Last week, Justice Seepersad ordered the Trinidad and Tobago Gymnastics Federation (TTGF) to pay TT$200,000 in damages to Williams, after he ruled that the local sporting body unfairly stripped of her spot at the Rio 2016 Olympic Test event. The TTGF sent Canada-born gymnast, Marisa Dick, in her place.
However, Seepersad did not find Marquez, Wattley and the Lue Shues personally liable for injustice done to the former St Joseph’s Convent (Port of Spain) student and Diego Martin resident.
The partial victory led the four officials to seek financial retribution against Williams, who turns 23 on Thursday. But Seepersad suggested that they were pushing their luck.
“[Marquez, Wattley and the Lue Shues] are rather fortunate that they were shielded from personal liability primarily because they acted in their capacity as bona fide members of the [TTGF],” said Seepersad, in his judgment. “However, their conduct was unacceptable and should by accompanied by a sense of shame.

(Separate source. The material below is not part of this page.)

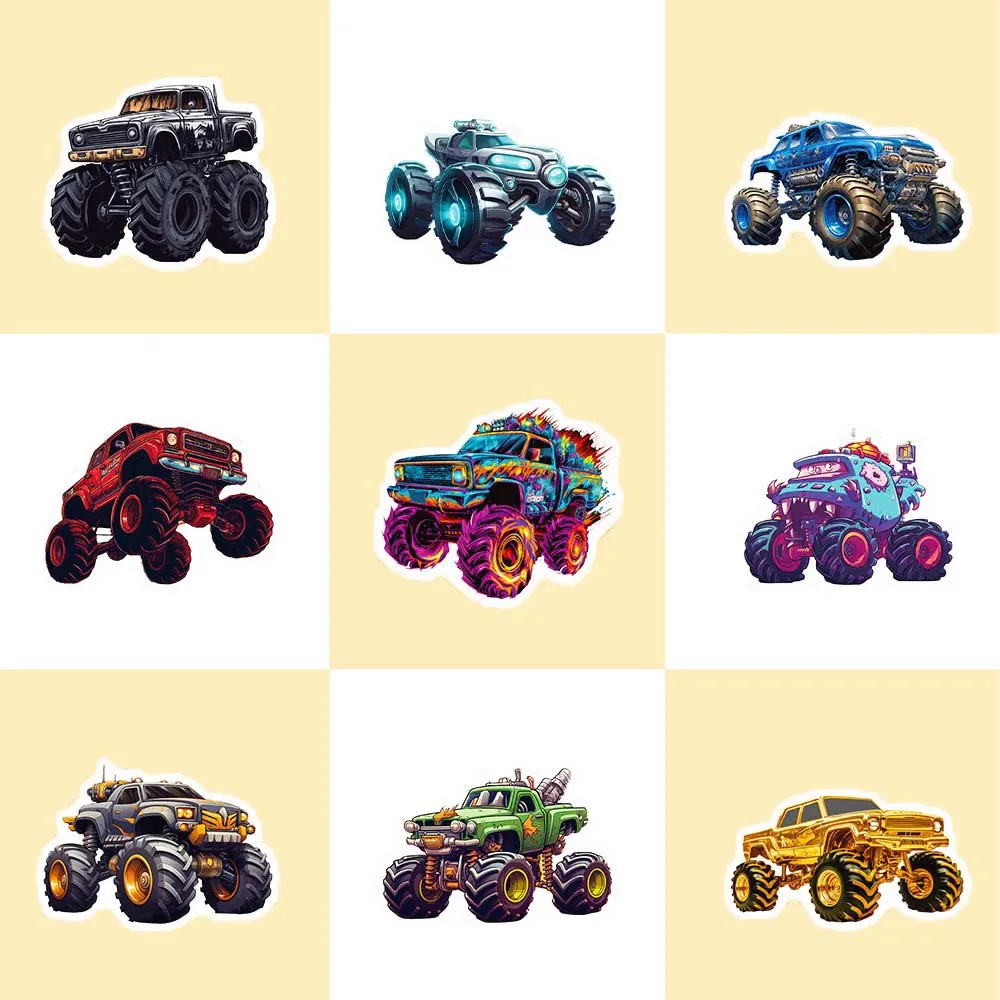 10/50pcs Cartoon Cool Monster Truck Stickers Graffiti Decal Scrapbooking Luggage Laptop Skateboard Notebook Car Sticker for Kids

“[…] The Court found as a fact that the conduct of [Marquez, Wattley and the Lue Shues] was characterised by a degree of blameworthiness and arbitrariness. They were the ones who drove the ill-advised and unfair replacement decision and their entrenched biases clouded their judgment.”
Marquez, Wattley and the Lue Shues were represented by Ramesh Lawrence Maharaj SC and Ronnie Bissessar, instructed by Varin Gopaul-Gosine.
Martin Daly SC and Keith Scotland, instructed by Reza Ramjohn, appeared for Williams.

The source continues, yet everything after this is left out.